##### Data

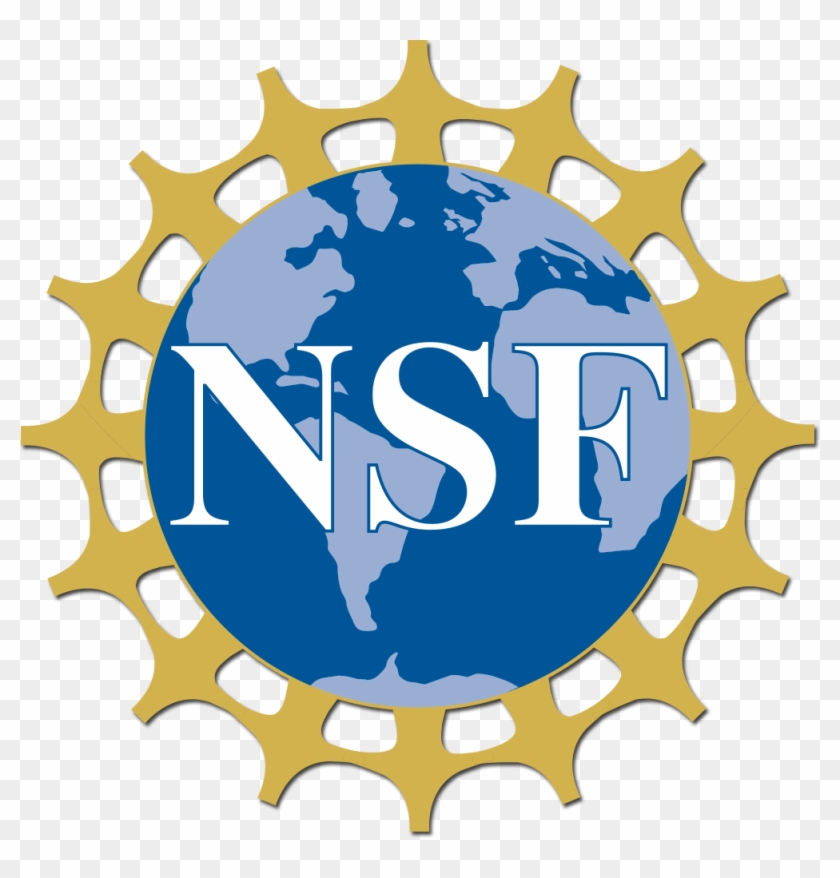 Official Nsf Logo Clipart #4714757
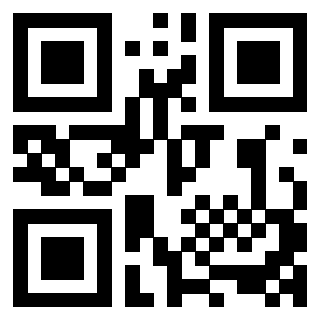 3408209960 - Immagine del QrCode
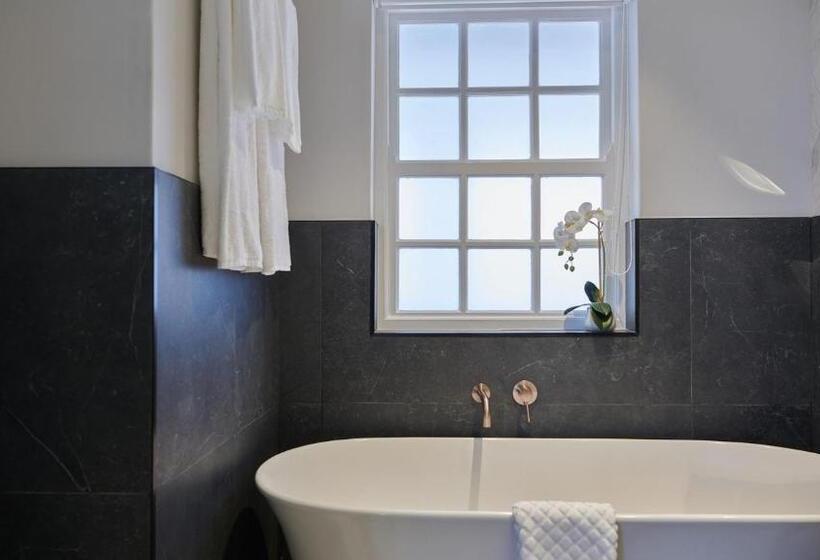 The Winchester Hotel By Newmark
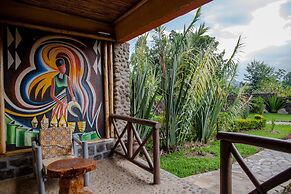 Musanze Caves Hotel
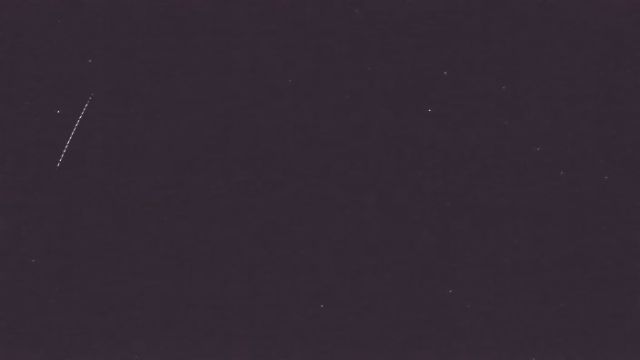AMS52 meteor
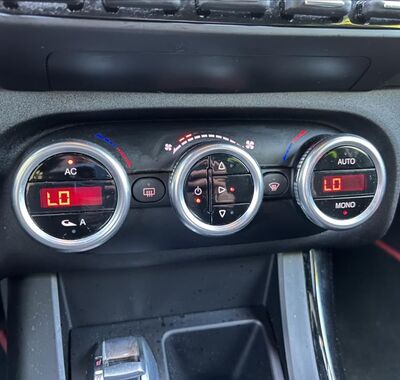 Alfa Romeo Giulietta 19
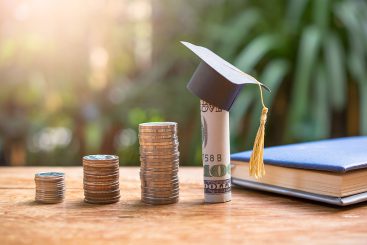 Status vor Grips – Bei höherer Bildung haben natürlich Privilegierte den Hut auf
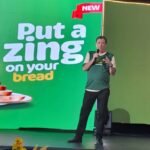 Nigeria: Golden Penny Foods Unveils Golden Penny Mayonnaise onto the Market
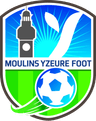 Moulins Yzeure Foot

##########

About this exercise:
Please transcribe exactly the line containing "Status vor Grips" and every later line through the end of the records above, omitting pictures.

Response to the exercise:
 Status vor Grips – Bei höherer Bildung haben natürlich Privilegierte den Hut auf
 Nigeria: Golden Penny Foods Unveils Golden Penny Mayonnaise onto the Market
 Moulins Yzeure Foot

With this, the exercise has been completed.